[Opening Data section section]

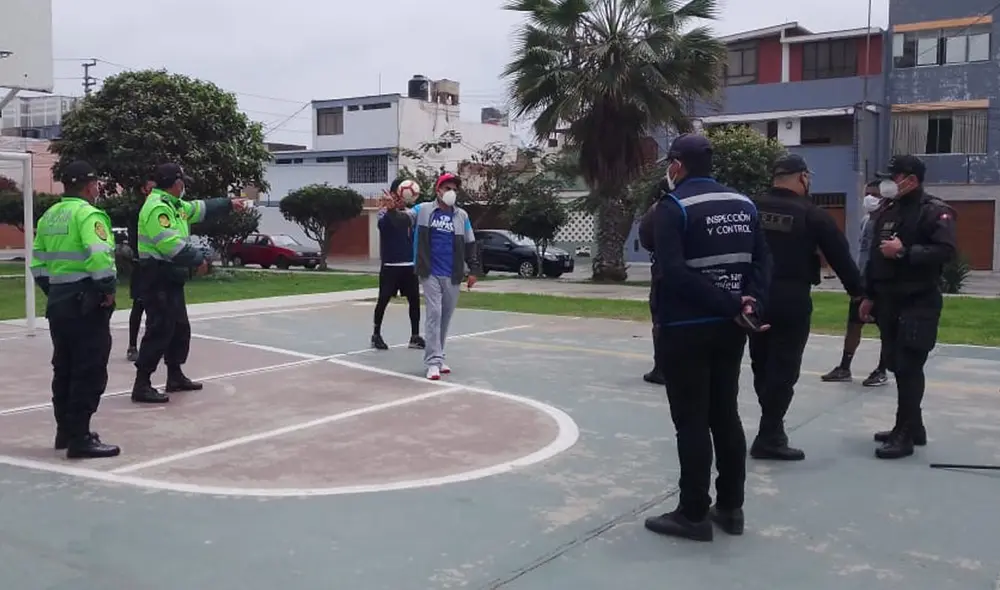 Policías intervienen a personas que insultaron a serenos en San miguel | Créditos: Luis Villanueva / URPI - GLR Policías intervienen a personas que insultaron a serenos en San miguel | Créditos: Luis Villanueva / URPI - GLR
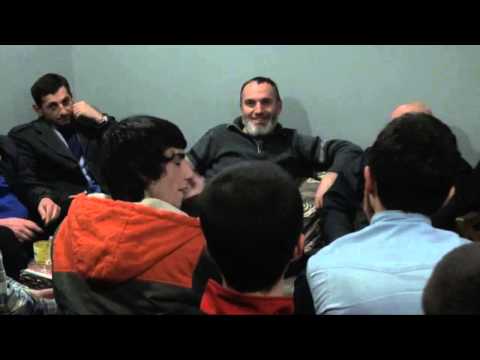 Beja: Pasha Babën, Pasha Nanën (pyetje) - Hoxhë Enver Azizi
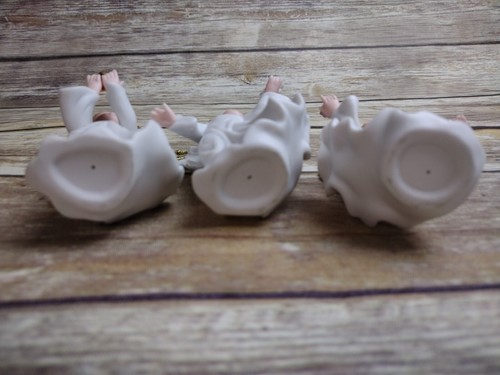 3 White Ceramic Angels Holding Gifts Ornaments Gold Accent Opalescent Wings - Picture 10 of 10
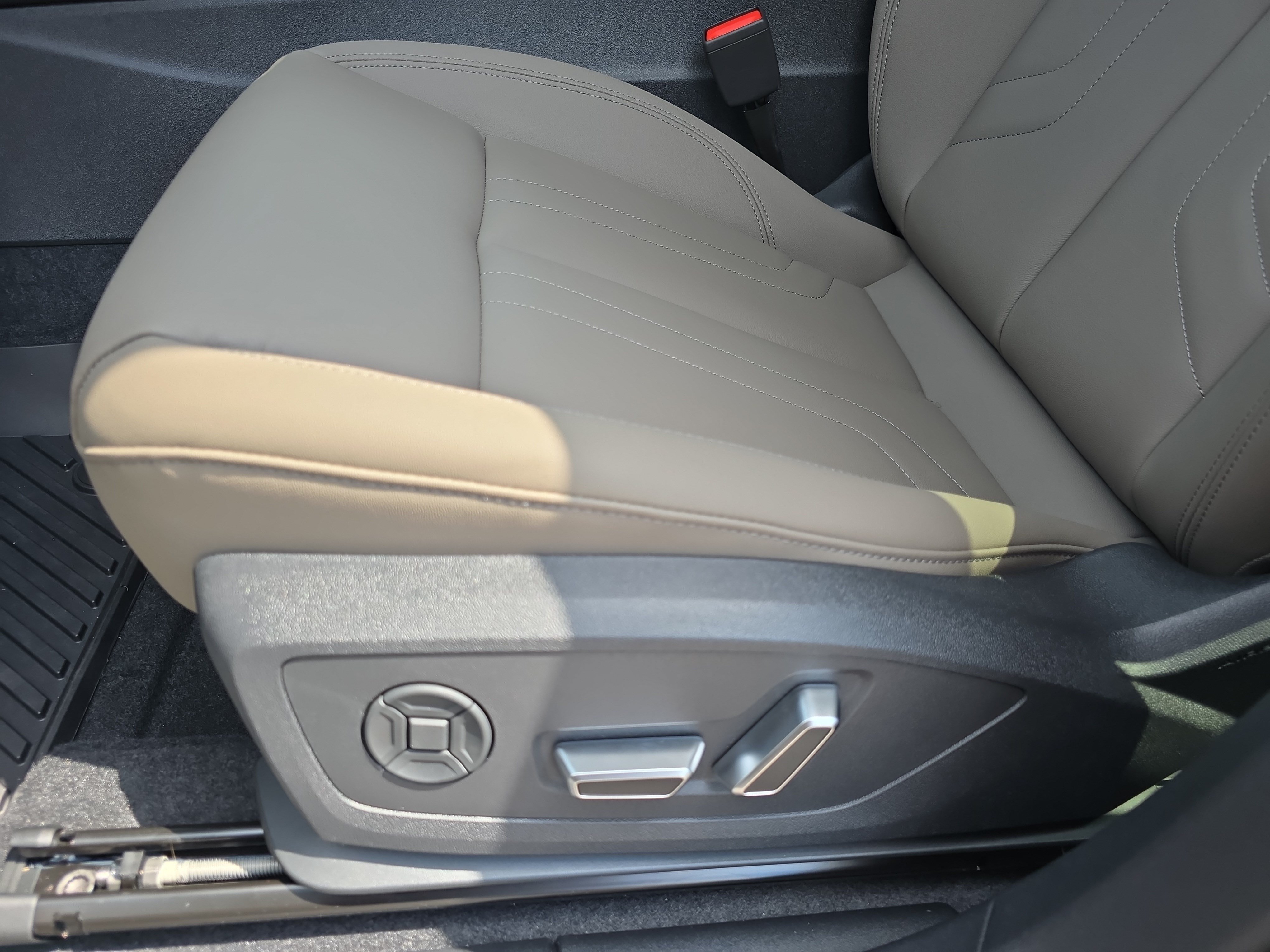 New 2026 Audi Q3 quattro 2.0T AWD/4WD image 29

[Closing Data section section]

• Task details: An exact copy of the material above is required, minus its images.

• Result of the exercise:
 Policías intervienen a personas que insultaron a serenos en San miguel | Créditos: Luis Villanueva / URPI - GLR Policías intervienen a personas que insultaron a serenos en San miguel | Créditos: Luis Villanueva / URPI - GLR
 Beja: Pasha Babën, Pasha Nanën (pyetje) - Hoxhë Enver Azizi
 3 White Ceramic Angels Holding Gifts Ornaments Gold Accent Opalescent Wings - Picture 10 of 10
 New 2026 Audi Q3 quattro 2.0T AWD/4WD image 29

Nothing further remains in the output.